Localization of merosin-negative congenital muscular dystrophy to chromosome 6q2 by homozygosity mapping
Dominique Hillaire(Genethon (France)), A. Leclerc(Centre National de la Recherche Scientifique), Sabine Fauré(Genethon (France)), Haluk Topaloğlu(Hacettepe University Hospital), Nuchanard Chiannllkulchaï(Genethon (France)), Pascale Guicheney(Centre National de la Recherche Scientifique), Laurent Grinas(Genethon (France)), Patricia Legos(Genethon (France)), Joanne Philpot(Hammersmith Hospital), Teresinha Evangelista(Centre National de la Recherche Scientifique), Marie-Claude Routon(Hôpital Saint-Vincent-de-Paul), M. Mayer(Hôpital Saint-Vincent-de-Paul), Jean-Francols Pellissier(Hôpital de la Timone), B. Estournet(Hôpital Raymond-Poincaré), Annie Barols(Hôpital Raymond-Poincaré), Fayçal Hentati(Institut National de Santé Publique), N Feingold(Inserm), J. Beckmann(Fondation Jean Dausset-CEPH), Victor Dubowitz(Hammersmith Hospital), F.M.S. Tomé(Centre National de la Recherche Scientifique), Michel Fardeau(Centre National de la Recherche Scientifique)
Cited by 199
Abstract
Congenital muscular dystrophies (CMD) are autosomal recessive, heterogeneous disorders.

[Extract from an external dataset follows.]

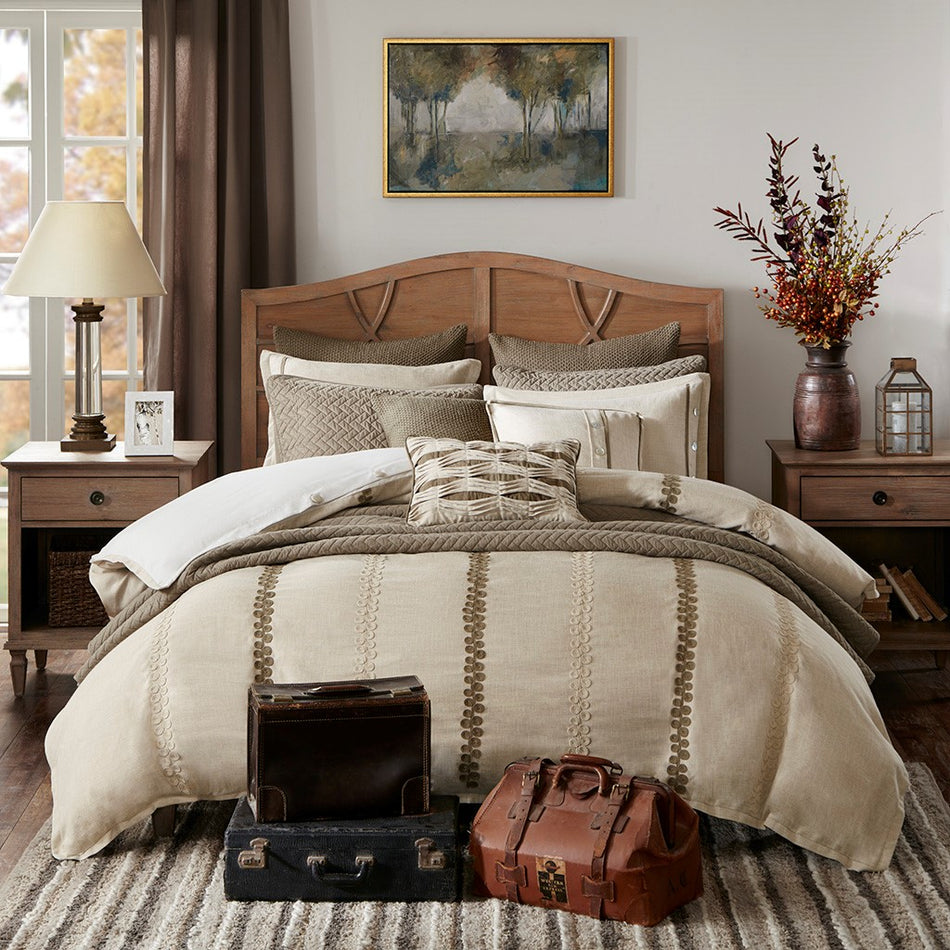 Chateau Comforter Set - Linen - Queen Size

The commonest forms are the Fukuyama CMD (FCMD), associated with mental retardation and structural brain anomalies, and classical (occidental) CMD, with pure muscle expression. FCMD has been localized to chromosome 9q31-q33. Following the discovery of merosin deficiency in some CMD cases, we have localized, by homozygosity mapping and linkage analysis (Zmax = 5.6; theta = 0.0 for marker AFM127xb2) in four merosin-negative families a CMD gene in a 16 cM region of chromosome 6q2 in the region of the laminin M chain gene. In three consanguineous, merosin-positive, CMD families there was no linkage to either chromosome 6q2 or 9q31-q33.